▸ **Exercise description**:
What I need is an exact repeat of the lines from the one with "Get your free" through the end of the listing below. Leave out every picture.
══ Information provided ══
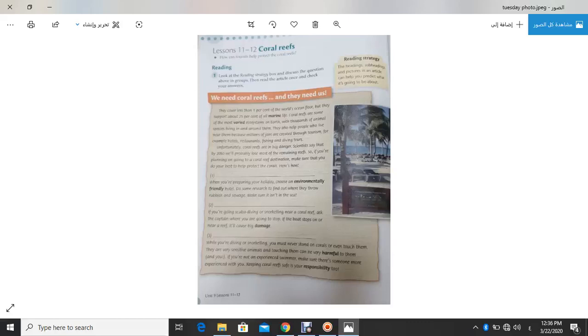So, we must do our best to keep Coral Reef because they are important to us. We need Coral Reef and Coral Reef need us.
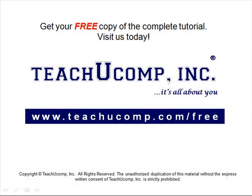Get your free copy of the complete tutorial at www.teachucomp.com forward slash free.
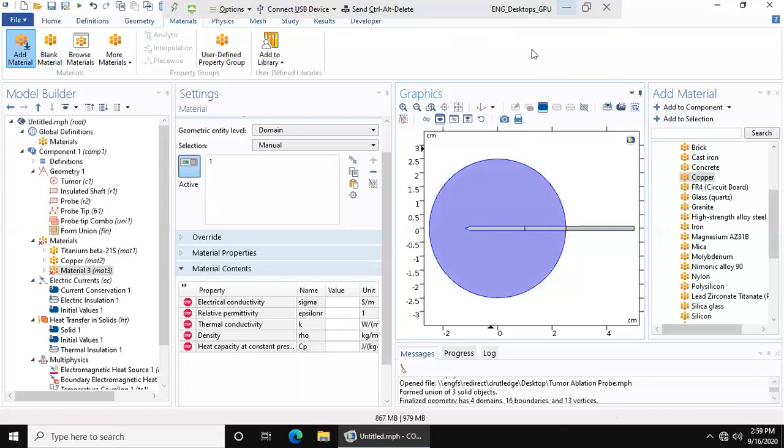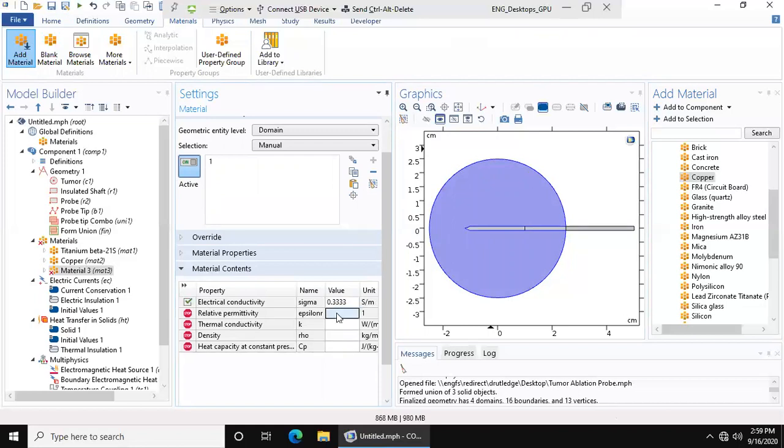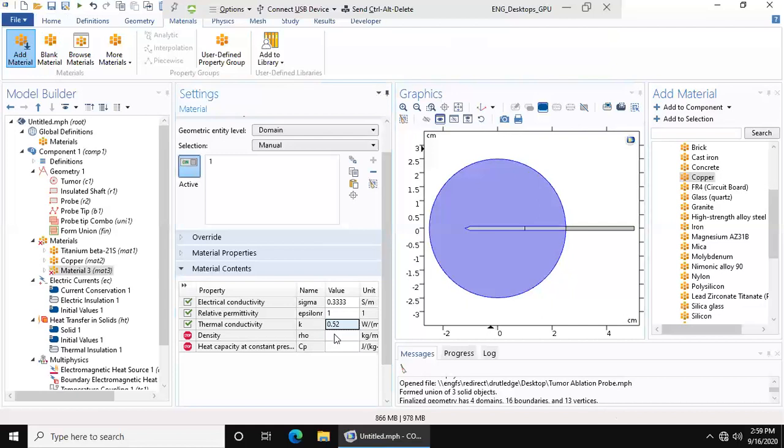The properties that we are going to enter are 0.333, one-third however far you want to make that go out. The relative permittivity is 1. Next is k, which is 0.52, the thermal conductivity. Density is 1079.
═══
▸ **Task result**:
Get your free copy of the complete tutorial at www.teachucomp.com forward slash free.
The properties that we are going to enter are 0.333, one-third however far you want to make that go out. The relative permittivity is 1. Next is k, which is 0.52, the thermal conductivity. Density is 1079.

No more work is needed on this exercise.